HMRC ran the argument that, simply put, the Mauritian trustees and the UK trustees were different entities. This meant that the UK trustees could not claim the benefit of the treaty because the UK trustees were not resident in Mauritius and were not liable to Mauritian tax at all. Put another way, the trustees deemed to exist for UK and Mauritian tax purposes were different persons for the purposes of the treaty.
Judge Morgan rejected this argument. Article 3(1)(e) defined "person" as including a "body of persons" and she considered that it was uncontroversial that trustees should be viewed as "a body of persons" rather than individually. Citing the Commerzbank decision, Judge Morgan noted that it was important "to interpret a treaty unconstrained by technical rules of domestic law and on broad principles of general acceptance" and pointed out that both the relevant UK and Mauritian law deem trustees to be a "trust body".
What is the relevant period for testing the treaty residence of a trustee?
One of the arguments that the taxpayers ran in both Smallwood and Haworth was that at the time of the share disposal the trustee was not UK resident and so Article 4(3) – the tie-breaker test for determining an entity’s residence under the treaty – should not be engaged. Instead, Article 13(4) should simply apply to the trustees as Mauritian resident and so prevent any UK capital gains tax liability. In both cases, this argument was rejected by the Courts.
In the Court of Appeal decision in Smallwood, Patten LJ noted that Article 4(1) defined residence in terms of liability to taxation and so it was necessary to consider whether an entity would be liable to tax in the contracting state based on any applicable residence period. This meant that even though at the date of disposal the trustees had not been UK resident, they became UK resident subsequently and so were treated as UK resident for that UK tax year. This meant that under Article 4(1) the trustees would be resident in both the UK and Mauritius when considering the disposal and so the tie-breaker test in Article 4(3) was engaged.
Judge Morgan agreed.
How should the "place of effective management" test be applied to a corporate trustee?
The Court of Appeal in Smallwood disagreed on how the tie-breaker test should be applied to a corporate trustee. Patten LJ, dissenting, considered that the "place of effective management" test should be applied to a corporate trustee in accordance with the principles of Wood v Holden. This meant considering where the corporate trustee was effectively managed and controlled at the time of the disposal, taking into account whether this management and control function had been usurped by a third party.

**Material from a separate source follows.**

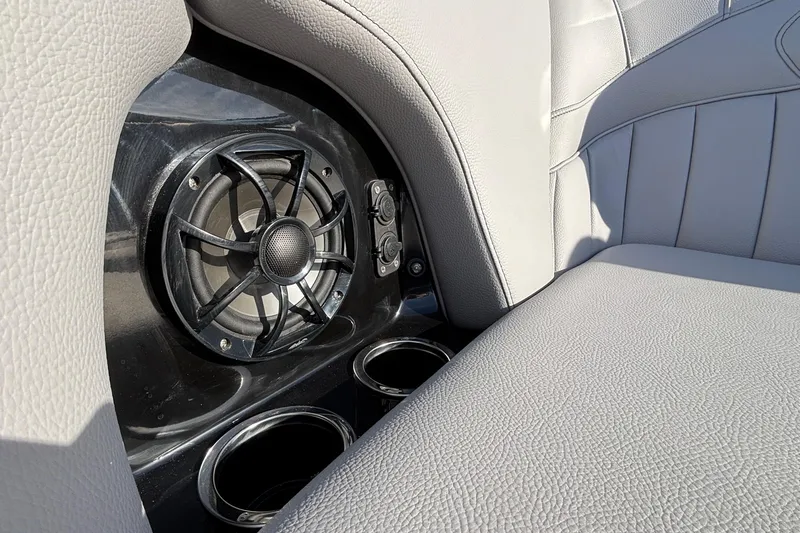 Slide: The Image of 2026 MB B52 23 Classic interior with speaker and cup holders, featuring gray leather seats. - 31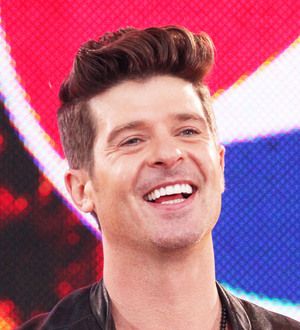 Robin Thicke puts off being a parent again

By contrast, Hughes LJ considered that it was the place of effective management of the trustees as a continuing body that should be tested, not the place of effective management of the corporate trustee who happened to be in office at the time of the disposal. This meant that the principles of Wood v Holden were less relevant. Instead, quoting the Commissioners at first instance, one had to ask where the "real top-level management" of the trust took place, which could be distinct from the day-to-day management of the trustees in office at the time. Hughes LJ concluded in Smallwood that there was "a scheme of management of this trust which went above and beyond the day-to-day management exercised by the trustees for the time being."
So, crucially, under this approach there was no need to find that the management and control of the Mauritian trustees in place at the time of the disposal had been usurped by the UK trustees or the UK advisers on a Wood v Holden basis. Instead, the "place of effective management" test looked at whether there was some overarching scheme of management of the trust that could be divorced from the day-to-day management of the trustee.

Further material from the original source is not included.